See also: why our blog stats shot up considerably in those few weeks, as we all frantically researched sports bars.

Anyway.

So Mavis Winkles is located in the same plaza as the Panini’s with the great outdoor bar that we discovered we loved about three years ago. And haven’t been back to since, because somewhere we read that Panini’s location closed. Yeah, it didn’t. Damn you internet and your lies.

We were seated at a high top near the bar but not really in the bar area. If that makes sense. The layout of the place is a little strange, just keep that in mind.

For drinks it was a Boddington for me (hey, it is an Irish place), Guinness for Ted (after he asked what dark beers they had, apparently forgetting we were in an Irish place), Angry Orchard for Shane and Miller Lite for Jerrid.

Our poor server came back to check on us like six times before we actually places our dinner orders. We’re chatty all of a sudden when we haven’t done this for a few weeks. But I give her points for at least trying.

For apps, Ted tried to get the calamari, but was told they were out. Which prompted Shane to start reinacting the scene in Tommy Boy where he gets the waitress to turn the fryers back on. “Are you sure? Wings would taste really good right now.”

Let’s just say it turned out better for Tommy.

So poor Ted went with zucchini planks instead. I had my money on the hummus platter being his number two choice. Dammit Ted. You let me down.

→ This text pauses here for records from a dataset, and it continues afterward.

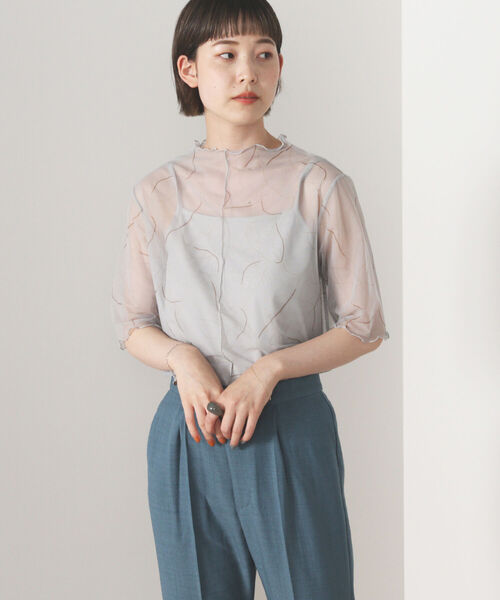 BEAMS HEART（ビームスハート）の「BEAMS HEART / シアー プリント プルオーバー（Tシャツ/カットソー・レディース・ブラック/ブラウン/サックスブルー/ホワイト系その他5・FREE）」の16枚目の写真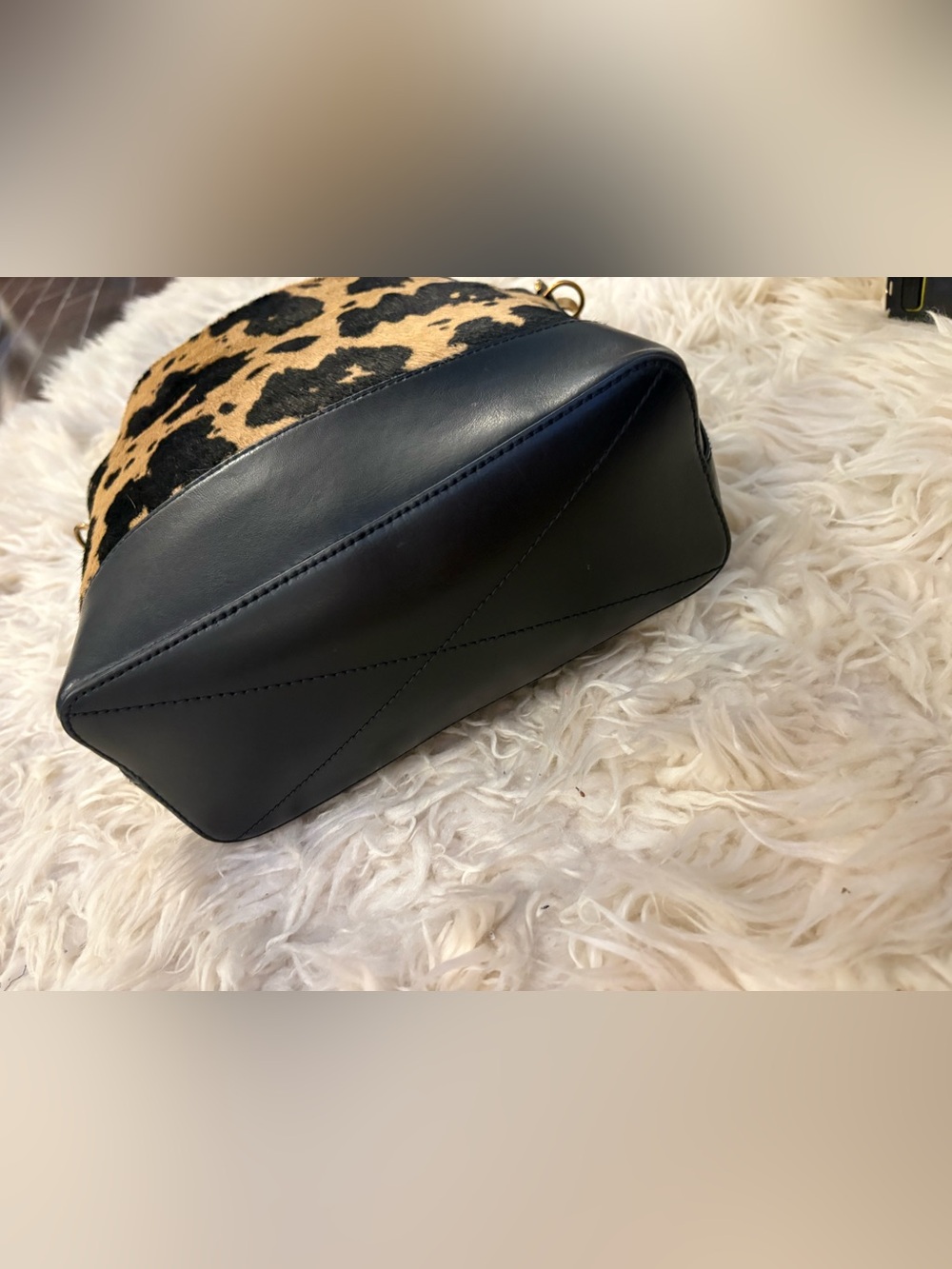 Ralph Lauren Small Hair Calf Bucket Bag Animal Print Purse Handbag Black Leather - Picture 6 of 16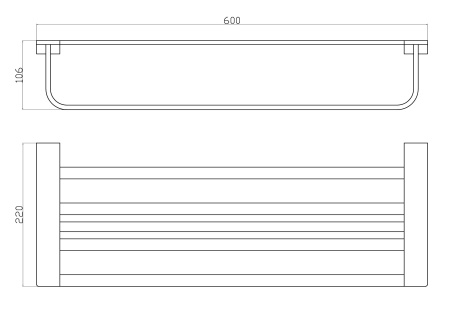 Полотенцедержатель с полкой WONZON & WOGHAND ECLIPSE, глянцевое золото WW-9181-LG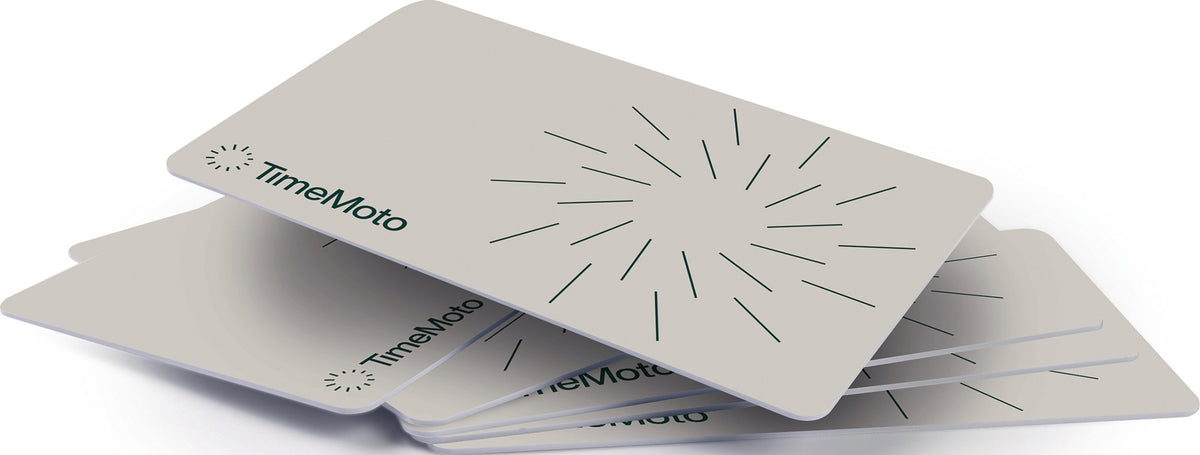 TIMEMOTO RF-100 RFID-Ausweiskarten 25 Stück im Kreditkartenformat für Zeiterfassung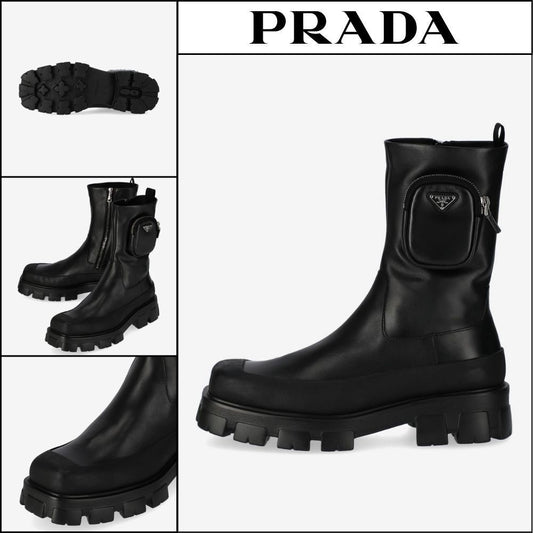 ◆PRADA◆ Cobblestone ブーツ Boots Black 厚底 レザー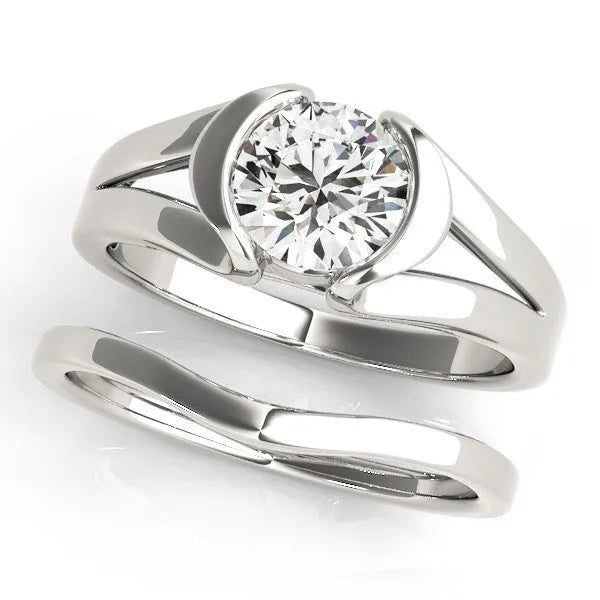 White gold Round Brilliant Solitaire Bezel Set Split Shank Engagement Ring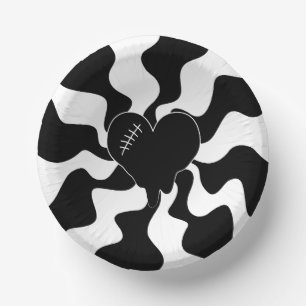 Bols En Carton Fonte cardiaque en noir et blanc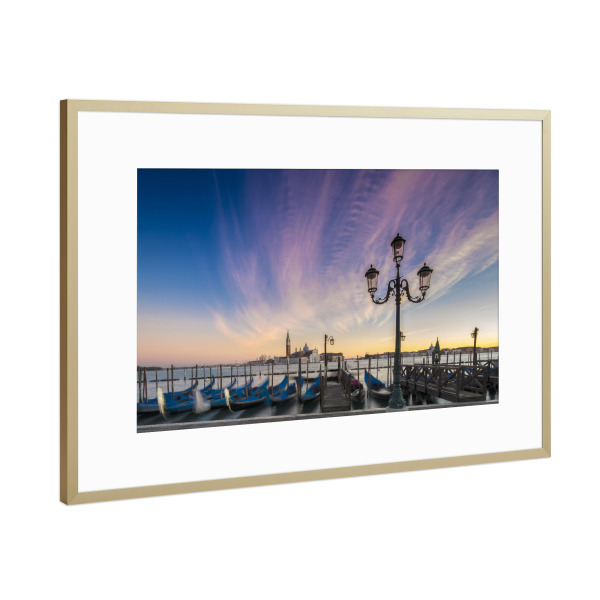 Poster mit Rahmen Gold "Venedig 02" artboxONE - Reise,Städte / Venedig - Venedig,Venezia,Venice,Italy,Italien,Italia,Skyporn,Fluss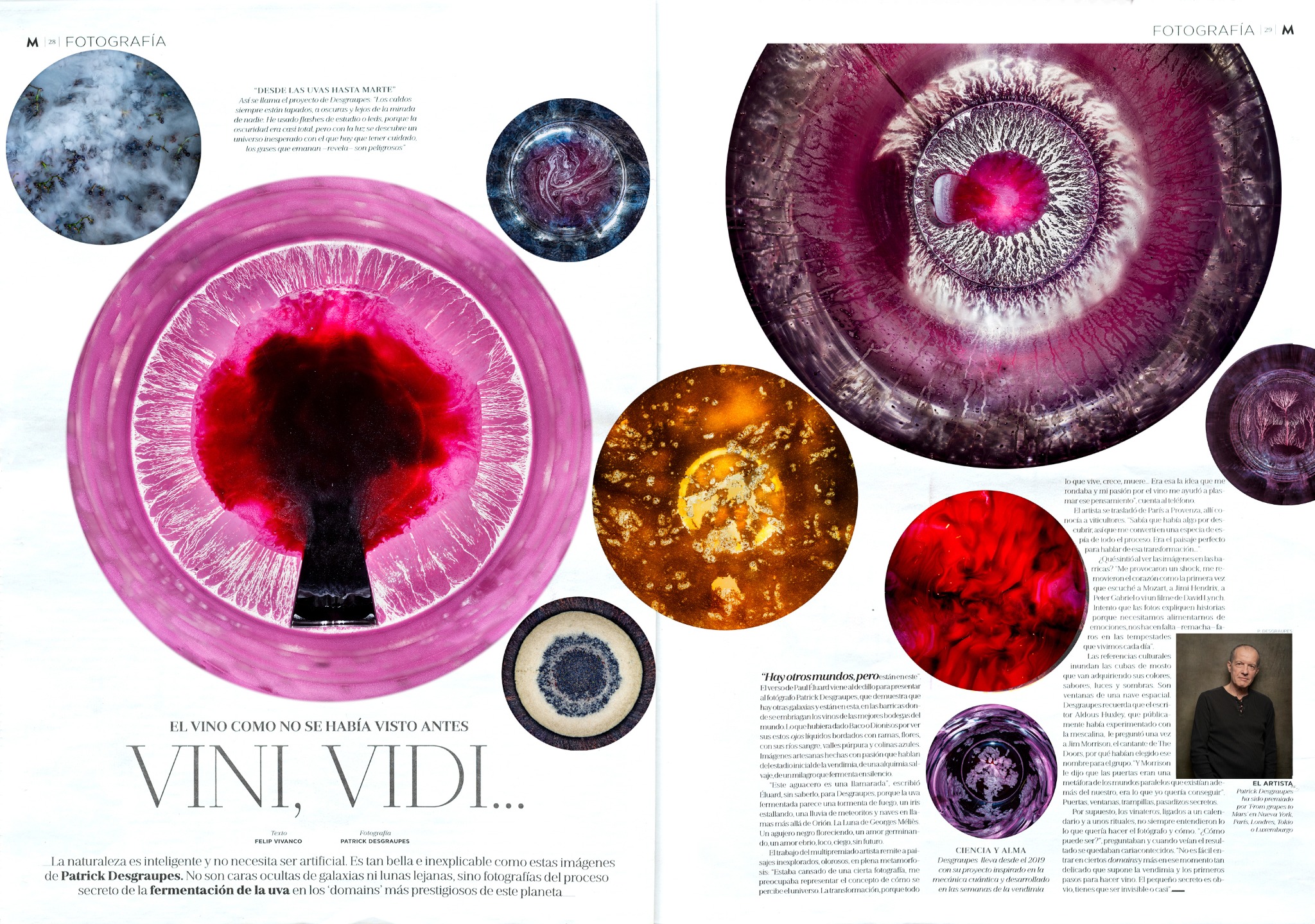 La Vanguardia Magazine feature Vini, Vidi about Patrick Desgraupes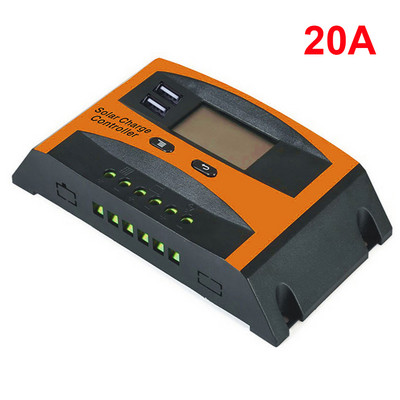 20A 30A päikeseenergia laadimise kontroller päikesepaneeli aku regulaator USB-pordiga 12/24V PWM automaatse parameetri laadimise regulaatori paneel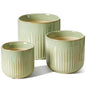 LE TAUCI Ceramic Pots for Plants, 8.3/7/6 Inch Indoor Planters with Drainage Holes & Mesh, Modern Glossy Glaze Cylinder Fluted Plant Pot for Snake Plant, Set of 3, Sage Green - color: Sage Green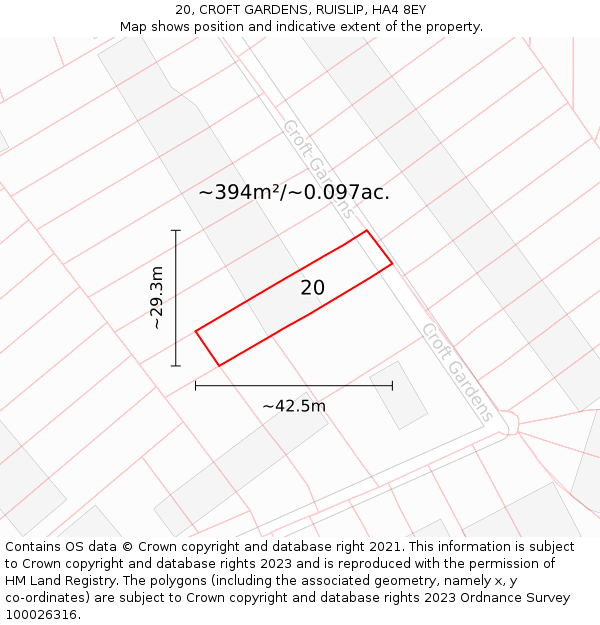 20, CROFT GARDENS, RUISLIP, HA4 8EY: Plot and title map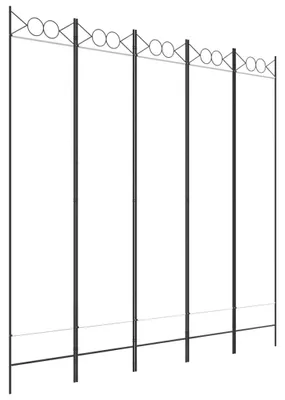 Zdjęcie produktu dla vidaXL 5-częściowy parawan biały 200x200 cm tkanina
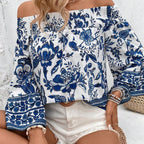 Damen Off-Shoulder Bluse mit floralen Mustern und elastischem Bündchen R&B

I wish I could say they tasted better than they look

I wish I could say they tasted better than they look

Shane and I got the reuben rolls. They also have reuben bites on the menu (see also: Irish place), but we went with the rolls – because, as Shane explained, rolls just sound like more real food than “bites.” Bites are dainty. And we all know by now dainty is not in the list of adjectives for us.

And the rolls were definitely real food. In fact, they were kind of like small, deep fried, wrap sandwiches. That apparently looked obscene. Shane called them “reuben dongs.”

Shane's obscene appetizer. Because he's 12.

Shane’s obscene appetizer. Because he’s 12.

That’s my husband, y’all, keepin’ it classy.

At least they were a nice juxtaposition to the side salad I got with my cabbage and corned beef dish and that arrived at the same time. Giving the appearance of healthy, as I ate what was essentially iceberg lettuce with balsamic dressing with one hand while also eating the deep fried corned beef with the other. Point, me.

Something healthy. Wait, what?

Something healthy. Wait, what?

In any case, the reuben rolls were delicious. And could’ve been a meal all in themselves, if you ordered the app just for you. The dipping sauce was also really good – and I’m usually one to skip condiments, so that’s a real compliment.

Ted said the zucchini planks were OK. He said the breading was good, but there just wasn’t enough of it. So obviously he wasn’t ordering these for the health benefits of vegetables. And he said the zucchini was cut too thick. Which prompted this conversation:

Shane: They look like they’re cut like pickle spears. Because they should be cut like bacon strips.
Ted: Yes, that’s exactly what I mean.

Glad we have our own language here.

Three of the five of us got something that featured corned beef. Have I mentioned we’re at an Irish place? I wasn’t sure.

I got corned beef and cabbage.

The never-ending bowl of Irish food

The never-ending bowl of Irish food

Amanda got the corned beef boxty (corned beef with potato pancakes).

Similar but different

Similar but different

Ted got the hot reuben sandwich (basically the reuben rolls without the deep frying).

Looks less obscene

Looks less obscene

We all agreed that the corned beef here was really good. As well it should be, because, well … OK, I’ll stop saying it.The corned beef was thicker shaved and very meaty, not the thinner, stringier stuff you get at some places. It had just a touch of seasoning, but not overly salty. And they give you a giant portion, no matter what form it was being served in. We all agreed we would definitely get each of our meals again.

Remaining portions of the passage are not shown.